Stimmen gebracht habe ihm mit Sicherheit die klare Position gegen den S-Link. Und das umstrittene Verkehrsprojekt ist unter anderem Thema in unserem Gespräch. Hört rein!
Sonntagstalk mit Bernhard Auinger: Ein Auszug zum Nachlesen
SALZBURG24: Sie haben jetzt gemeinsam mit der neuen Regierung sehr viel vor. Viele Projekte stehen auf der Umsetzungsliste. Und das kostet Geld, sehr viel Geld. Mit Ende 2023 war die Stadt Salzburg quasi schuldenfrei, sie planen bis 2029 ein Rekordbudget von 526 Millionen Euro, damit wird der Schuldenstand natürlich wieder massiv anwachsen. Wie erklären Sie das den Salzburgerinnen und Salzburgern?
BERNHARD AUINGER: Also erstens muss man mal festhalten, dass auch schon letztes Jahr in den mittelfristigen Finanzverhandlungen klar war, dass wir ab 2026 wieder Schulden machen müssen, weil man solche Investitionen wie ins Festspielhaus, in das neue Flughafenterminal, in den Schulbau nicht aus der Portokasse bezahlen kann. Und das Thema ist, dass sich viele Projekte jetzt in den letzten Jahren einfach verzögert haben.
Ich sehe es aber nicht so dramatisch, denn es geht um Projekte, die unumstritten sind. Wer zu den Festspielen steht, wird das Festspielhaus sanieren müssen. Wer zum Standort Flughafen steht, wird das Terminal bauen müssen. Wir werden in die Schulen weiter investieren und das ein oder andere Seniorenwohnhaus in Angriff nehmen.

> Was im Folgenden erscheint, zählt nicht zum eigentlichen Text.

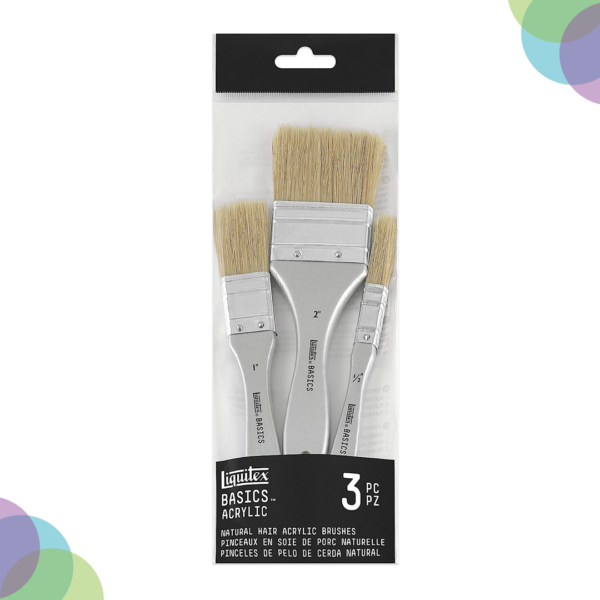 Liquitex Basics Brush Natural Hair Set Of 3 Liquitex Basics 3699368 hog bristle brush set 4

Wir werden auf jeden Fall darauf schauen, dass die Stabilität der Stadt Salzburg, was die Finanzen betrifft, dass das so, wie es meine Vorgänger gemacht haben, auch weiterhin bestehen bleibt.
Das geplante Budget für die kommenden fünf Jahre ist de facto ohne S-Link – nur eine Rate von 10 Millionen Euro ist eingeplant. Wie sicher sind Sie sich denn, dass sich die Salzburgerinnen und Salzburger am 10. November gegen das Verkehrsprojekt entscheiden?

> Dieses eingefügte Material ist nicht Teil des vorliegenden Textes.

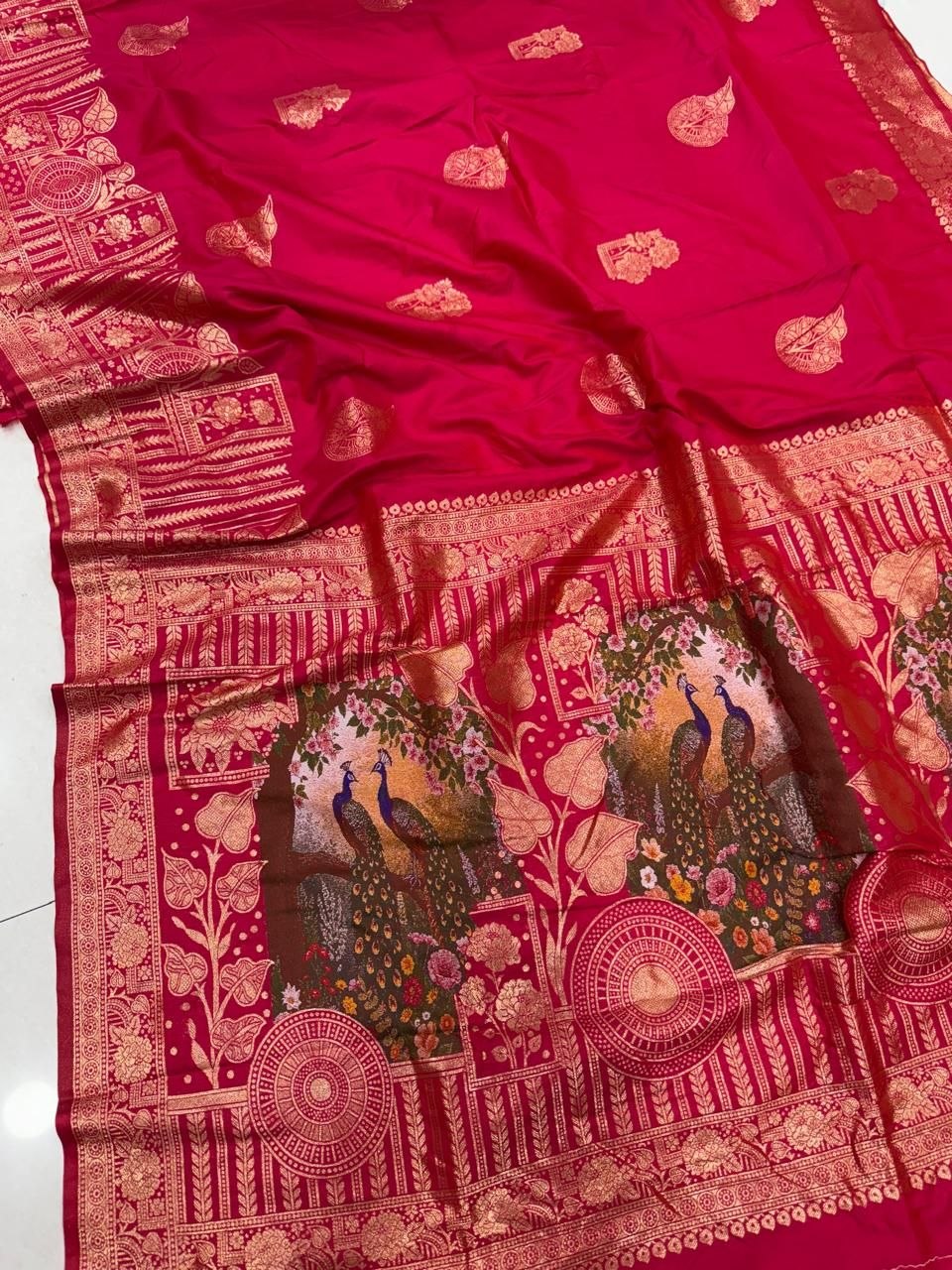 Rani Pink Banarasi Silk Paithani Saree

Wenn man jetzt plötzlich die Befragung insofern so geändert hat, dass in der Stadt Salzburg jeder eine Wahlkarte abgeben kann, egal ob er jetzt in Anif oder in Bergheim wohnt, dann wird auch das Ergebnis in der Stadt Salzburg natürlich sehr beeinflussbar. Wenn der Jurist des Landes ausrichtet, dass wir grundsätzlich eigentlich gar nichts zu mitreden haben, weil das Land eisenbahnrechtlich durch uns durchbauen kann – und wir eigentlich nur entscheiden können, ob wir mitzahlen wollen oder nicht – dann glaube ich, dass das Thema nochmals richtig polarisieren wird.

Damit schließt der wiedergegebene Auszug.